■ **DATASET CONTENT**
◇ ◇ ◇ ◇ ◇ ◇ ◇

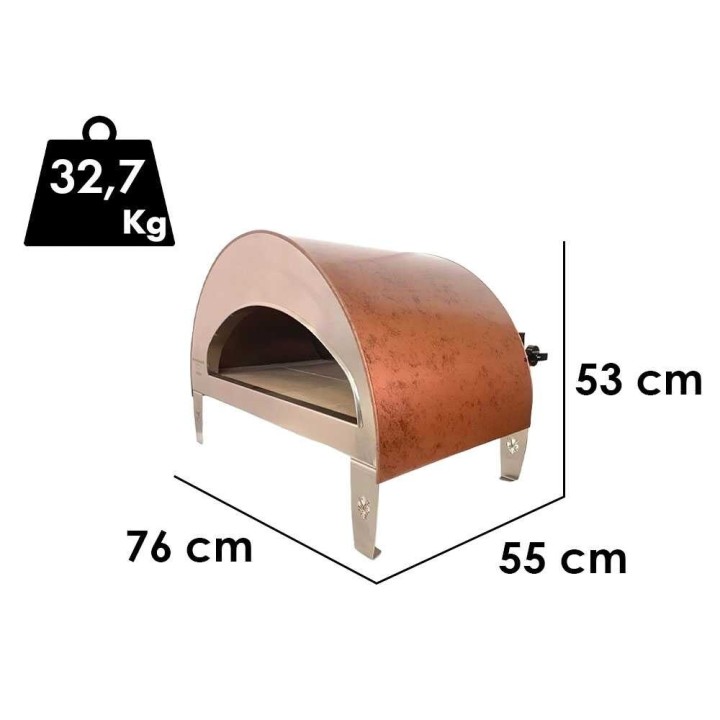 Pizza Party Emozione kaasukäyttöinen pizzauuni, 40 × 70 cm, 11 kW, 550 °C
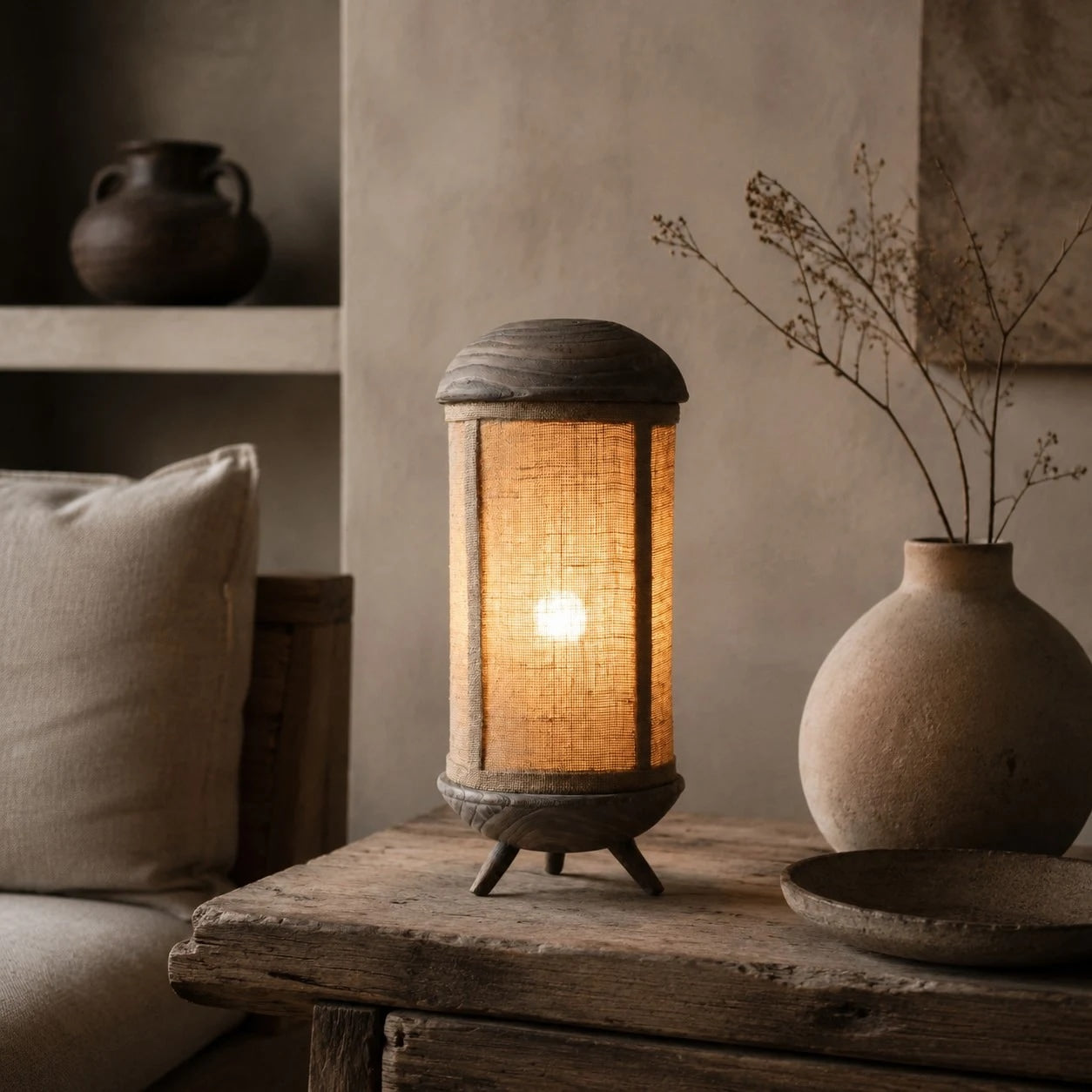 Sculptural Wood Base Table Lamp, Handcrafted Burlac Shade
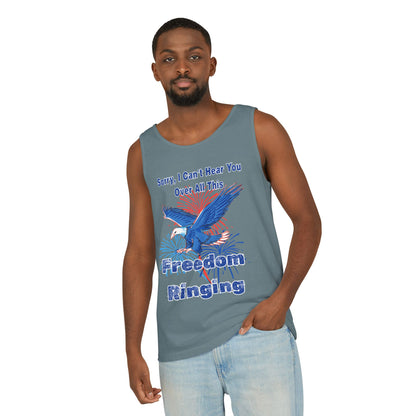 Patriotic Freedom Tank Top - Unisex Garment-Dyed Design for Summer Celebrations
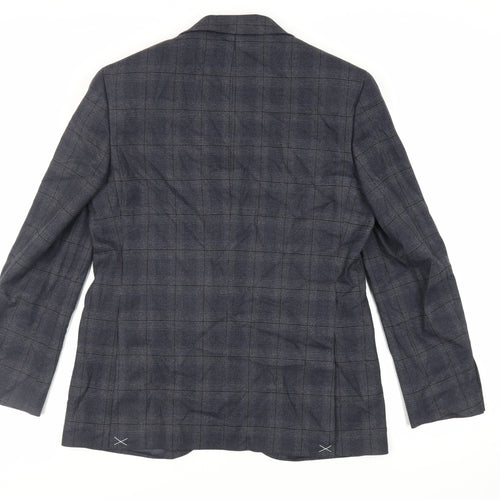 Marks and Spencer Mens Blue Plaid Polyester Jacket Suit Jacket Size 40 Regular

◇ ◇ ◇ ◇ ◇ ◇ ◇

■ **PROBLEM DETAILS**
For this exercise, transcribe the data above line by line, exactly, with pictures omitted.

■ **WRITTEN SOLUTION**
 Pizza Party Emozione kaasukäyttöinen pizzauuni, 40 × 70 cm, 11 kW, 550 °C
 Sculptural Wood Base Table Lamp, Handcrafted Burlac Shade
 Patriotic Freedom Tank Top - Unisex Garment-Dyed Design for Summer Celebrations
 Marks and Spencer Mens Blue Plaid Polyester Jacket Suit Jacket Size 40 Regular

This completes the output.